Perl is quite useful in the world of computational biology, so I expected good things from Perl for Exploring DNA. A previous book on the subject, Beginning Perl for Bioinformatics, hasn't been updated since 2001. BioPerl is the largest project on the Comprehensive Perl Archive network (both in terms of features and disk size), and a guide to effectively using Perl would be extremely useful.
Perl for Exploring DNA is not that book, however, and it doesn't even mention BioPerl until the last chapter, and then only to say that it won't be discussing it. Instead, this book is about learning just enough Perl to write some toy programs, and certainly misses out on the features I'd want to pass on to scientists who are trying to leverage the power of a dynamic language to wrestle large data analysis problems.
The authors understanding of Perl, or at least their ability to explain in it in a way that won't confuse the reader who goes further with Perl, is seriously lacking. They fall into the trap of many novice explanations of concepts that give other beginners a poor foundation for further work. Often, the language they use to explain certain features uses terms that conflict with Perl jargon, which is bound to cause problems later.

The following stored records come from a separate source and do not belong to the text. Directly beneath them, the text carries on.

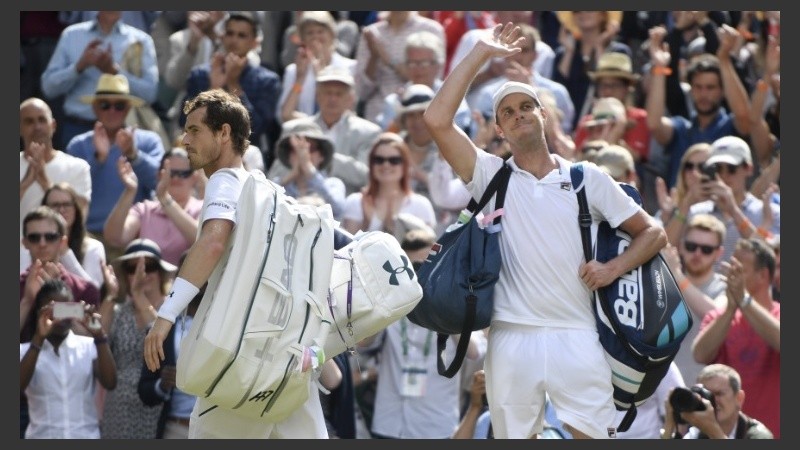 Querrey saluda, el favorito se despide.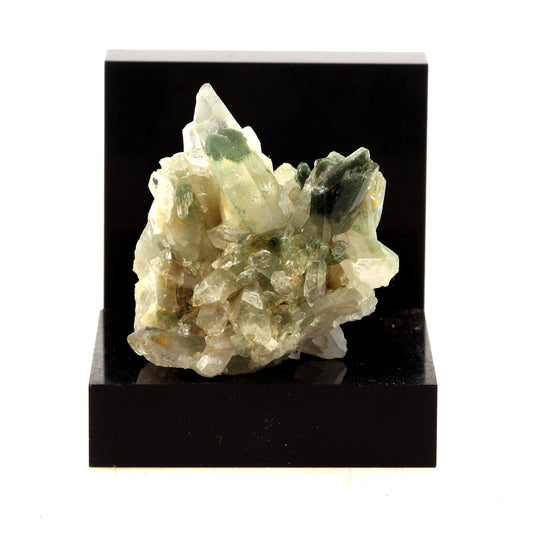 Quartz à fantôme + Chlorite. 97.0 carats. Les Deux Alpes, Oisans, France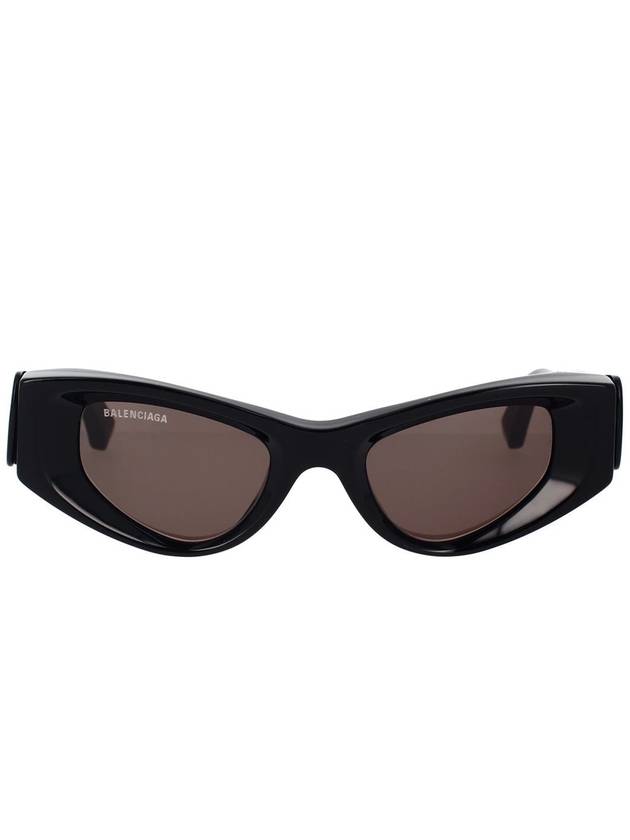 Balenciaga Eyewear Cat Eye Frame Sunglasses BB0243S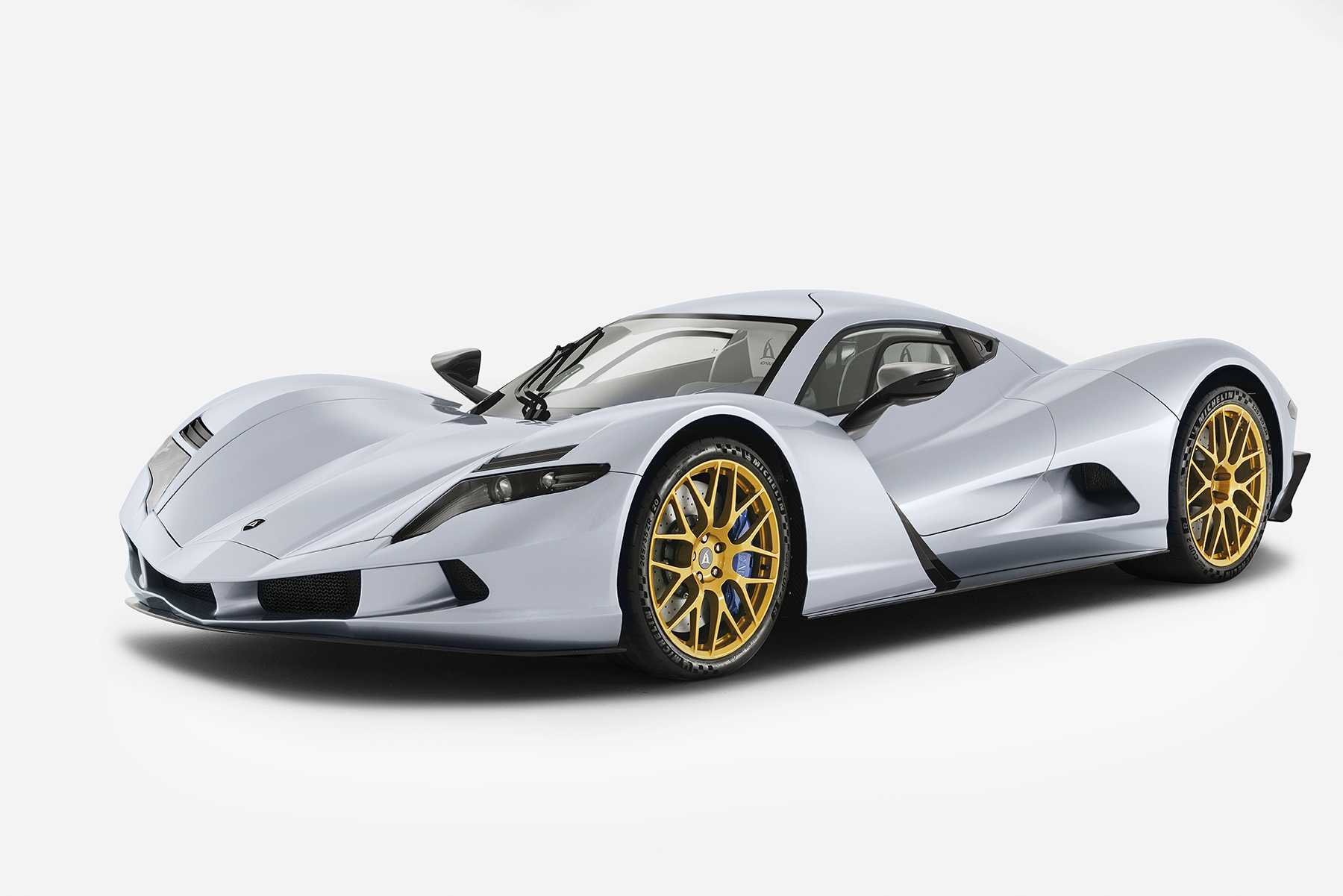 아스파크 아울은 상반된 직선과 곡선이 어우러진 외관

As with most books of this sort, it seems that the Perl is really just a crude translation of similar C language programs. The examples may be in Perl, but lack the power of Perl. For example, on page 84, they want to count the number of times different nucleotides show up. They commit a carndinal sin of programming by repeating the same code with very slight changes to the different lines:
$numA = ( $sequence =~ tr/A/A/ );
$numC = ( $sequence =~ tr/C/C/ );
$numG = ( $sequence =~ tr/G/G/ );
$numT = ( $sequence =~ tr/T/T/ );
$probOfA = $numA / $sequenceLength;
$probOfC = $numC / $sequenceLength;
$probOfG = $numG / $sequenceLength;
$probOfT = $numT / $sequenceLength;
They have to do it this way because they shove the discussion of hashes, probably the most useful feature of Perl to the beginner, toward the end of the book. Since most of the useful stuff shows up at the end, most of the examples in the book do things the hard way. Additionally, many examples use features that the authors have not previously explained
Most of the examples in the book perform various operations on a string the represents DNA, but the operations don't have any real science behind them. This is a consequence of not being able to solve meaty problems with the limited amount of Perl they discuss. There are many asides that digress from the current topics and take away from the book focus.

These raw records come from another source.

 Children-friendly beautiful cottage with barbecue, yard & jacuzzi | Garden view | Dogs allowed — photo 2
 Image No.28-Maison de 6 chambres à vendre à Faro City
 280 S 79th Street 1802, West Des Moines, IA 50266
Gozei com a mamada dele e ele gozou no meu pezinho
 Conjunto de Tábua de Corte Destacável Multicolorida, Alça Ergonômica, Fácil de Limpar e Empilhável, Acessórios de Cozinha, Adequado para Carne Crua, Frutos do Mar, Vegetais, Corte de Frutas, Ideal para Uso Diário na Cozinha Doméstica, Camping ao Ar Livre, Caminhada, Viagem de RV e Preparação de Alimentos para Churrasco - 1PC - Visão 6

Most disturbing, however, is a lack of wisdom in using Perl, The authors say very little about CPAN, the Comprehensive Perl Archive Network, which is Perl's killer feature. If there's something you need to do, CPAN probably has a module for it. When your a scientist just trying to get work done, CPAN should be the first thing you learn about. I expected this to be a real-world, task-oriented book. It's not. Futhermore, there are many great resources in the Perl community, but on page 20 the authors essentially say "Don't use them" out of some fear that scientists won't be able to hold their own against a "technical" community. After CPAN, the next best advice for the work-a-day Perler is effectively using the resources that are out there.

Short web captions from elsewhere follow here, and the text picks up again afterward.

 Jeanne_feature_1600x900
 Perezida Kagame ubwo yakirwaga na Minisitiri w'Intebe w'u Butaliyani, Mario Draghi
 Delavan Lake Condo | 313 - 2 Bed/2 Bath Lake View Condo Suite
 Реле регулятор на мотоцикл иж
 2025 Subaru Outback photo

The concept of the book is a worthy one, but its execution, at least in this edition, is severely lacking. There are several other good books for the Perl beginner (although without the DNA focus), and I'm sure that any scientist worth his salt will know how to take the general concepts and apply them to specific tasks. Other books, such as Data Munging with Perl, can help with advanced string manipulation tasks.